Shares of the redeemable preferred stock are redeemable, at the
Company's election, in whole or in part. However, if IC declares a
dividend, the Company is contractually obligated to use those
proceeds, subject to sufficient legally available funds to redeem,
in whole or in part, the preferred stock, to the extent such cash
dividends are not applied to payment of accrued dividends on
redeemable preferred stock.
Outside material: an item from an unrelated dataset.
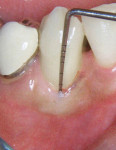 Figure 24  9-year postoperative clinical photograph shows tooth No. 27 with a 2-mm PD.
The shares are redeemable at $26.25
per share together with accrued and unpaid dividends, if any.
Shares of the redeemable preferred stock have a liquidation value
of $25 per share plus accrued dividends, including cumulative
dividends.
On November 21, 1996, the Company completed the redemption of its
45,500 shares of preferred stock at an aggregate cost of
$1,544,432, including dividends in arrears of $350,057.
Common Stock
During August 1995, the Company amended its articles of
incorporation to increase the authorized shares of common stock
from 1,000,000 shares to 9,000,000 shares.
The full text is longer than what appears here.